Though technically a warp drive which stretches/compresses the fabric of space isn't a FTL drive in the absolute definition because you aren't physically trying to move faster than light.
People love to bring that up, but that the ship itself is not physically moving faster than light relative to the bubble doesn't mean that the bubble and ship aren't moving at FTL speeds as seen by an outside observer (granted, you don't see the bubble, but still). The bubble is just there to facilitate movement at FTL speeds without dealing with acceleration to/past lightspeed. It's a separate problem.
And yes, seeing an unexploded star that you watched explode breaks causality. In the simplest case, let's say you warp from the exploding star to another faraway star around which your friend orbits. From your perspective, the star exploded, you left (after it exploded, having observed the light from its explosion), and you arrived at their star.
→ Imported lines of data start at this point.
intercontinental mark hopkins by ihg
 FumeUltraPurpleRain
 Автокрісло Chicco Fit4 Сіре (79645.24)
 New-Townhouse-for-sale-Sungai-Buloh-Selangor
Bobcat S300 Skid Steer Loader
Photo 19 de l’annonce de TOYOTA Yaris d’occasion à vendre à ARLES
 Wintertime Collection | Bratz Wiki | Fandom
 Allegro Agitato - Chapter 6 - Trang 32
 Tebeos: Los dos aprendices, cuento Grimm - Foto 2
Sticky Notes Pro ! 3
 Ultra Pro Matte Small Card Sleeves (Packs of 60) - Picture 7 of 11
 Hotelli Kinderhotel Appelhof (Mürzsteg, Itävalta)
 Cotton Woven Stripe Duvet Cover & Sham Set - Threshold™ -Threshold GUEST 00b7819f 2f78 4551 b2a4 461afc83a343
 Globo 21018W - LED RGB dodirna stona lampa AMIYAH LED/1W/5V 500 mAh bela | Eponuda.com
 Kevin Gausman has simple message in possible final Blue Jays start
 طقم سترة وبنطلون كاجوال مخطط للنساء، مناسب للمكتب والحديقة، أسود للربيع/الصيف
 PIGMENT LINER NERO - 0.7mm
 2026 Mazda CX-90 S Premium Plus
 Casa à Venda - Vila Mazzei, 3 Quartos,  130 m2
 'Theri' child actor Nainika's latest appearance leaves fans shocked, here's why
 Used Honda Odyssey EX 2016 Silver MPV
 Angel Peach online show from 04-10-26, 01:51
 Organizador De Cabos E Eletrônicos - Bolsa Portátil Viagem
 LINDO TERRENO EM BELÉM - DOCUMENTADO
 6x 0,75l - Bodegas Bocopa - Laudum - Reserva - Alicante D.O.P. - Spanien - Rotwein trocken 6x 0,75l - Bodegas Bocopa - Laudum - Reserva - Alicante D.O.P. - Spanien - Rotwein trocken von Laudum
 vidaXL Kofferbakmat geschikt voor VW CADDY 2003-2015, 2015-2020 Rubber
From their perspective, given a sufficiently powerful telescope, the sequence of events is reversed: you arrived, you left, and then the star exploded. Causes cannot follow effects. Now, you can see unrelated events happening differently from different perspectives just fine; to return to our exploding star example, let's say we have four stars in a line A-B-C-D and stars B and C explode simultaneously. A would see B explode followed by C; D would see the reverse. That's allowed by physics.
However, if A launches a (subluminal) ship to destroy stars B and C, all the stars will see that ship launch (and arrive) before stars B and C explode. The same cannot be said of a superluminal ship, and that's what breaks causality.
This isn't time travel as portrayed in science fiction, no, because science fiction writers would rather write good stories than physics textbooks.
Regarding light cones, by the way: it's a ball (that is, a solid sphere) at any one time, but it looks like a cone in Minkowski spacetime and that's what matters here. If you were to look at 2d space and display time along the third axis, as you watched the ball expand and move along time its edges would describe the light cone.
EDIT: If you just wink the light on and off, then yes, it's a sphere at any one time, but for our purposes it might help to think of the ball of space that knows you turned the light on rather than the sphere currently experiencing the flash.